Azkiya tidak langsung menanggapi karena sedikit terkejut. Pendengarannya tidak salah, ‘kan? Wanita di sebelahnya menyebut nama Narendra. Jika benar, oh, astaga. Ia baru tahu jika Erina merupakan ibu dari sang kekasih.

“Narendra? Yakin? Azki bukan dijodohin sama orang lain?” Setelah terdiam beberapa saat, hanya pertanyaan itulah yang mampu ia keluarkan.

“Eh? Iya, dong. Terus mau yang mana lagi? Anak Tante cuma dia, Azki. Lagian, kamu kerja di tempat Naren, ‘kan?”

Azkiya kembali tertawa kecil karena malu dan tak percaya. Yang benar saja ia dijodohkan dengan Tuan Brokoli? Rasanya benar-benar senang. Apa kata kekasihnya itu nanti, ya?

Kesenangan itu tak berlangsung lama karena dihancurkan oleh ucapan Erika. Ibunya mencemaskan tentang kakek dari Narendra yang bisa saja tidak menyetujui perjodohan mereka. Namun, Erina berusaha meyakinkan dan mengatakan bahwa ia serta sang suami yang akan mengurus hal itu.

Azkiya tak mampu berkata lagi. Emosinya naik dan turun seperti roller coaster. Sebelumnya gadis itu merasa sangat bahagia, tapi sekarang kebahagiaan tersebut padam. Keluarga Narendra mungkin takkan menyetujui perjodohan mereka.
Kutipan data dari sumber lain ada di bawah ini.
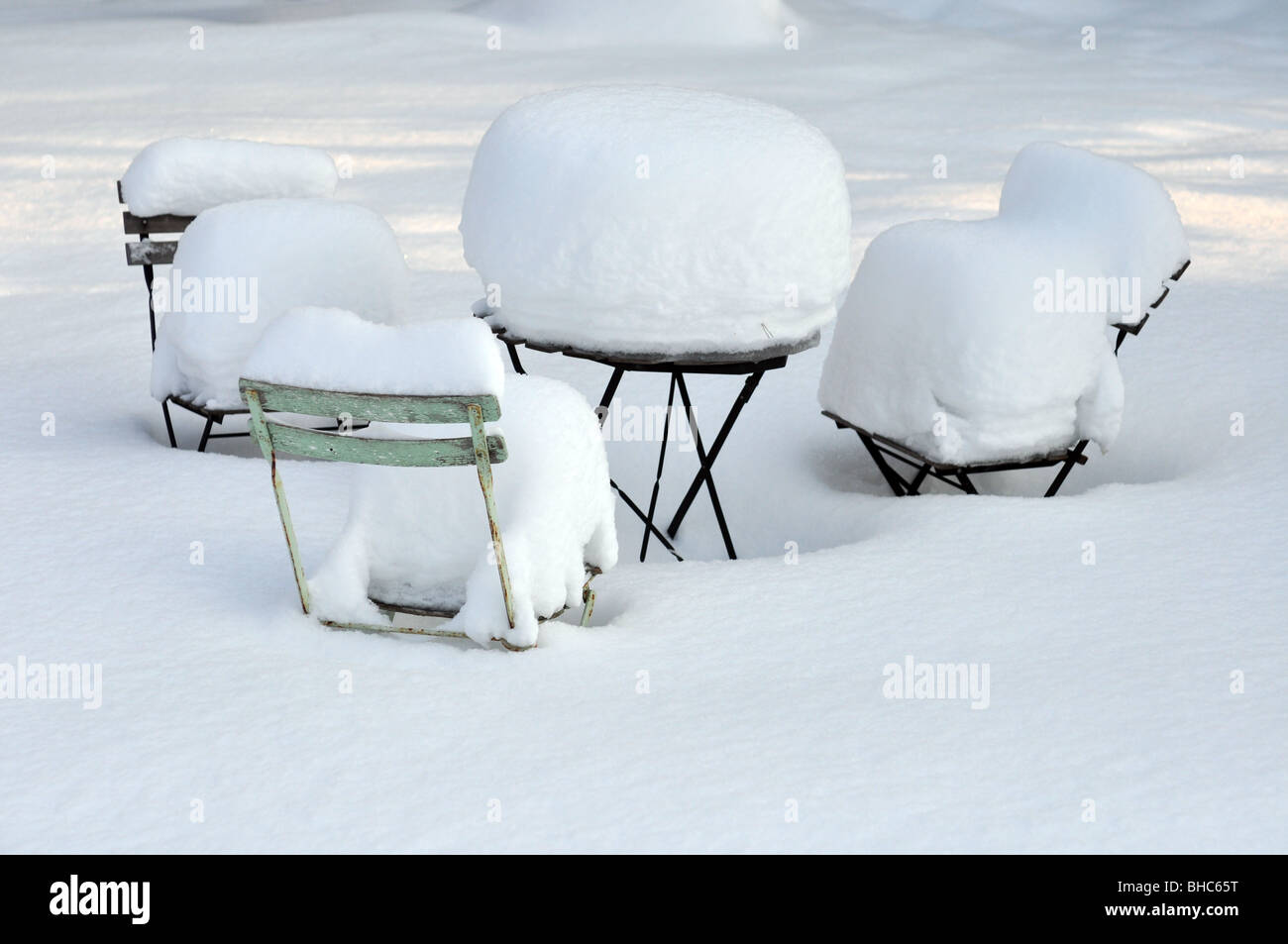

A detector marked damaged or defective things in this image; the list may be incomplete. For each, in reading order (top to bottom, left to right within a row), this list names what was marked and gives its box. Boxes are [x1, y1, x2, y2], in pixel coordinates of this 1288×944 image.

Ia merasa semakin dihempaskan oleh kenyataan ketika mengingat bahwa Narendra merupakan orang Jawa, sedangkan dirinya Sunda. Menurut mitos atau bahkan adat dari zaman dahulu, kedua suku itu ditentang untuk menikah. Tidak tahu kenapa.

Azkiya mengembuskan napas kemudian meminta izin untuk masuk ke kamar. Setelah tiba di sana, gadis itu membuka ponsel dan mencari kebenaran tentang hal yang ia takutkan. Kakinya terasa lemas ketika menemukan jawaban. Jika cinta kadung tercipta, maka harus dipadamkan bagaimanapun caranya.
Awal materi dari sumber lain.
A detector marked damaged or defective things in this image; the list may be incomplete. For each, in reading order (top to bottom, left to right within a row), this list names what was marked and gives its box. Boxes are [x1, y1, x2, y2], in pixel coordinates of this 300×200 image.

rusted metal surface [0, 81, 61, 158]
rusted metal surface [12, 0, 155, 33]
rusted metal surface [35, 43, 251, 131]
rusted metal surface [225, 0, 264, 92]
Ia dengan cepat menghapus air mata ketika sang ibu tiba-tiba masuk dan bertanya, “Kenapa nangis gitu, hm?”

“Siapa yang nangis? Azki kelilipan hewan kecil, tuh! Nyebelin banget.”

“Jangan bohog, deh! Yah, terkadang cobaan hidup bukan cuma harta, tapi perasaan juga. Kamu tenang aja, ya. Mamah sama Tabte Erina bakal urus semuanya. Lagian, kamu juga belum resmi tunangan sama Naren. Masa udah mewek gini?”
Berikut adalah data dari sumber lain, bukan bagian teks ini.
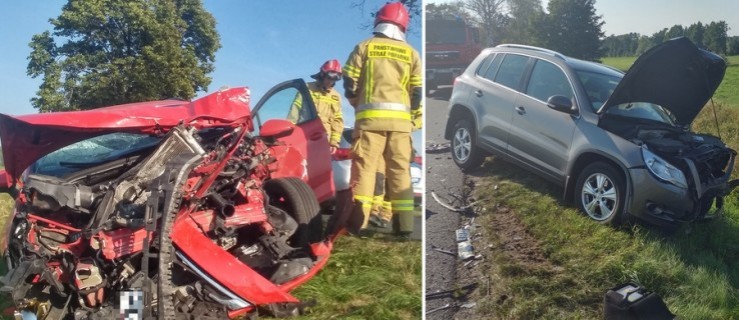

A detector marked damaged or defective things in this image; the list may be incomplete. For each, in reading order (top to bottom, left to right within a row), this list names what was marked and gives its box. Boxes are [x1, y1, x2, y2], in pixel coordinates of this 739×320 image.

crumpled hood [600, 37, 728, 126]
crumpled hood [0, 87, 251, 182]
severely damaged red car [0, 79, 340, 318]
Azkiya langsung merengek hingga ibunya tertawa. Gadis itu kemudian mengangguk dan bergegas pergi ke dapur setelah Erika memintanya untuk menyiapkan makanan. Yah, ia percaya jika semua hal ajan indah pada waktunya.

Di lain sisi, Erina tahu apa yang menjadi kegelisahan sang sahabat. Ia telah memutuskan akan membahas hal ini secepatnya pada keluarga. Lagi pula, bukankah memutus tali kasih seseorang itu tidak baik?